As restantes capacidades cognitivas (ou o que de forma mais comum se designa por ‘inteligência’) ficam afetadas igualmente?
Não. A afasia não afeta a inteligência da pessoa. A lesão cerebral pode afetar, como referido anteriormente, outros défices cognitivos, como a memória, a atenção, a velocidade de processamento da informação, o cálculo…. No entanto, os conhecimentos da pessoa com afasia estão preservados. As dificuldades de acesso ao léxico, às palavras, e de comunicação é que mascaram a inteligência das pessoas com afasia, mas as ideias e os pensamentos da pessoa estão intactos. O que se verifica é uma dificuldade em os exteriorizar.
Quais os tratamentos disponíveis para doentes com afasia?
Não existe um tratamento “standarizado” que possa ser aplicado a todas as pessoas com afasia. Existem diferentes tipos de abordagens terapêuticas que ajudam no processo de recuperação, mas que devem ser ajustadas, de acordo com as características e necessidades da pessoa com afasia e dos seus familiares, e ainda de acordo com a fase da própria recuperação.

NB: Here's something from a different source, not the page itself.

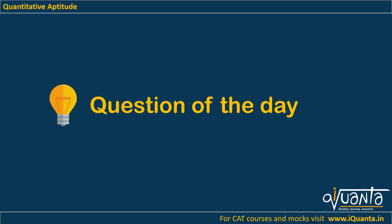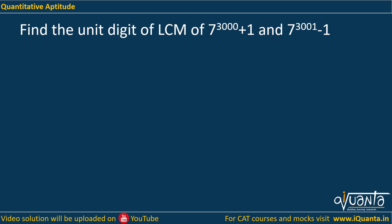Hello everyone. We will try to solve a question from number system today. It is based upon HCF and LCM. The question is: find the unit digit of LCM of 7 to the power 3000 plus 1, and 7 to the power 3001 minus 1.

A terapia da fala, a psicologia, a neuropsicologia e a terapia em grupo são terapias que podem fazer a diferença.
É verdade que a música pode ter um papel importante a nível terapêutico?
Sim. A música permite a ativação de várias áreas cerebrais e ajuda a criar “novos caminhos neuronais”, quando estamos a fazer ritmos e a cantar, que ajudam a criar caminhos alternativos para que a comunicação aconteça.
É possível levar uma vida relativamente normal com este problema?
A afasia é uma condição crónica, que veio para ficar. A pessoa com afasia, assim como a sua família, devem desde início ser acompanhados por uma equipa especializada, que os ajude a aprender a lidar com todas as consequências que a afasia pode provocar. É possível ter uma vida “relativamente normal”, ou seja, uma vida com o menor impacto significativo no seu bem-estar e permitir às pessoas com afasia uma vida ativa, autónoma e social. As terapias devem apoiar e acompanhar a pessoa com afasia e a sua família sempre nesse sentido.
De que forma os familiares do doente podem contribuir para ajudar o doente com afasia?
Os familiares têm um papel muito importante no processo de reabilitação da pessoa com afasia. Por um lado, para que a pessoa com afasia se sinta apoiada e que não está sozinha no processo. Por outro lado, porque o envolvimento dos familiares na terapia ajuda a que eles próprios entendam melhor as características da afasia do seu familiar e as suas consequências e, por isso, a compreender melhor a sua situação, bem como, a aprender estratégias de comunicação que facilitem as conversas com o seu familiar com afasia.